Suzy Whaley 'humbled and honored' to become the first female president of the PGA of America
(Photo by Montana Pritchard/The PGA of America via Getty Images)
INDIAN WELLS, Calif. — Suzy Whaley joined the PGA of America in search of more competitive playing opportunities, a modest ambition that 17 years later has morphed into her becoming the first female president of the 102-year-old association.
Whaley, who for the last two years has served as its vice president, was formally be elected to a two-year term on Friday at the PGA’s annual meeting here.
“Not enough adjectives,” a past president, Derek Sprague, said shortly after her election. “Historic doesn’t do it justice. So I’ll use a new adjective we learned this week. Amazable.”
Whaley, 51, is the 41st president of the PGA. Jim Richerson, the senior vice president business development for Troon, was elected vice president, while John Lindert, the director of golf/chief operating officer at The Country Club of Lansing in Lansing, Mich., was elected secretary.
“It feels great," Whaley said after the election. "You think about, you imagine it, you work so hard with so many people, as part of a group, as part as a team, that you lose sight of it. But ttoday it was fun. It's wonderful to be in this position. A huge responsibility, but i’m humbled and honored. I’m so gratefuful to the PGA of America. I’m humbled by the fact that our 29,000 members have confidence in me to lead the PGA of America.
“Obviously, as a woman, at the end of the day, if, like the Renee Powells and Mary Bea Porters, women who led by example, others see me in that role, how exciting for the game beyond enhancing our members’ careers.”

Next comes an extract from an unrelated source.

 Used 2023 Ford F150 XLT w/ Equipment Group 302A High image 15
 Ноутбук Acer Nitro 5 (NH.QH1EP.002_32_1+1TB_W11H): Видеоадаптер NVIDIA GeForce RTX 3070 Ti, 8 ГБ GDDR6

Whaley said she has no specific agenda in place, beyond continuing what the association has been trying to do: Grow the game
“We need to make the funnel as large as possible," she said. "What’s exciting is more and more people are trying the game for the first time. We had two-point-four million women trying golf for the first time last year. We have facilities like Top Golf offering people a golf experience.
“Our role now is, how to we lead and collaborate with all of those who are having that open funnel into the game, to get them with a PGA professional, to get them on the golf courses. Doesn’t have to be 18 holes. Could be nine holes or going to the putting green with their daughter or son. That’s what we hope to do.”
Whaley joined the PGA of America in 2001, as a means finding more playing opportunities.
“I became a PGA professional so I could play more competitive golf,” she said. “I watched my husband [Bill], who also is a PGA professional, playing. I was an LPGA Teaching and Club Pro and didn’t have that opportunity. My husband got sick of me complaining about it and said, ‘Why don’t you join?’ I said, ‘I think I will.’”
Whaley, the director of instruction at Suzy Whaley Golf in Cromwell, Conn., originally set out to play the LPGA, and was a member in 1990 and 1993. But she gravitated toward teaching and spent five years with the Jim Flick Golf Schools, then became the head professional at Blue Fox Run in Avon, Conn., in 2002.
The same year, Whaley won the Connecticut PGA Championship and earned an exemption into the PGA Tour’s Greater Hartford Open in 2003.
Meanwhile, she had become active in the PGA’s Connecticut Section. “I met so many amazing people in the PGA of America who were as passionate about the game as I am,” she said. “I joined committees and ended up loving that, so I joined more committees.” She eventually became a board member at the section, as well as a vice president at large, was elected the secretary of the PGA of America in 2014, then elected its vice president in 2016. She succeeds outgoing president Paul Levy.
Whaley assumes the presidency only months after the PGA of America hired Seth Waugh as its CEO, replacing Pete Bevacqua.
“I’ve known Seth for awhile,” Whaley said. “I had an opportunity to serve with him in a board capacity. He is a proven CEO [formerly with Deutsche Bank Americas]. His network in golf is extensive. He loves the game and is passionate about growing game. He has a son pursuing professional golf, so he also understands the game from a parent’s perspective, which I think is incredibly important. I’m excited to work with Seth and have an opportunity to learn from him.”